▶ [What to produce]: Everything from the line containing "Insanely Cute Pictures" through the last line of the data below is to be retyped exactly, apart from the pictures.
Source data Block Start
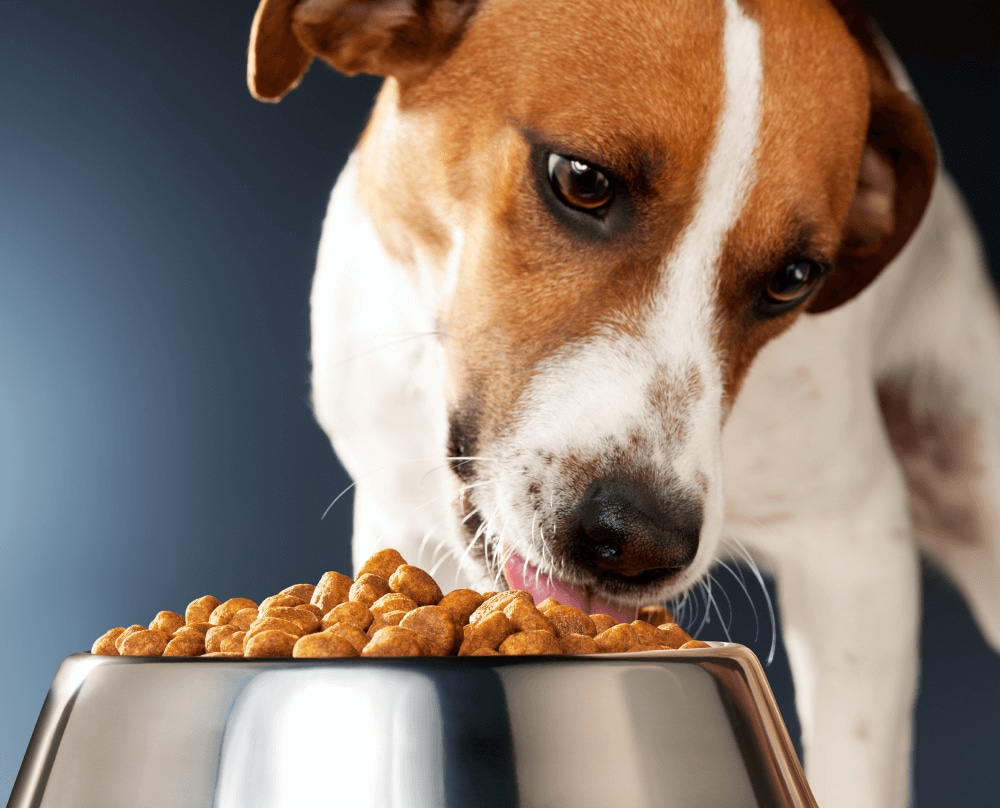 dog eating food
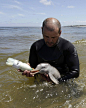 Insanely Cute Pictures Of A Man Taking Care Of An Orphaned Baby Dolph…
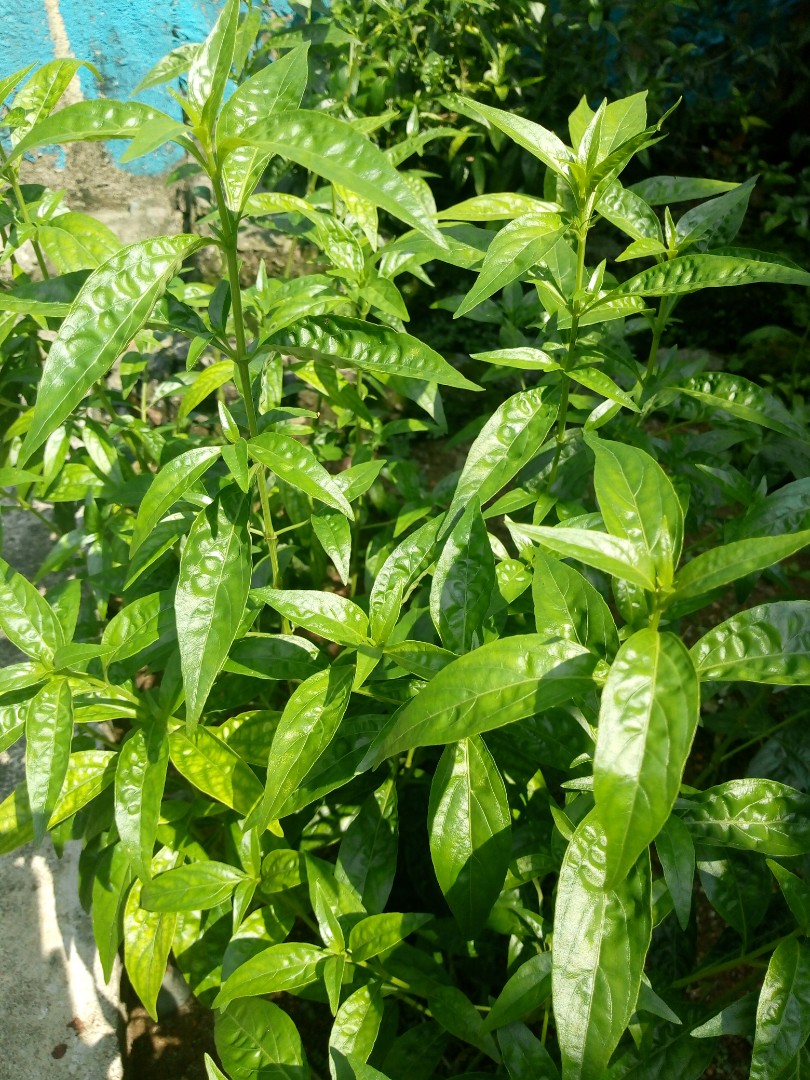 serpentina (rauwolfia serpentina) plant, furniture & home living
Source data Block End
▶ [Written answer]:
 Insanely Cute Pictures Of A Man Taking Care Of An Orphaned Baby Dolph…
 serpentina (rauwolfia serpentina) plant, furniture & home living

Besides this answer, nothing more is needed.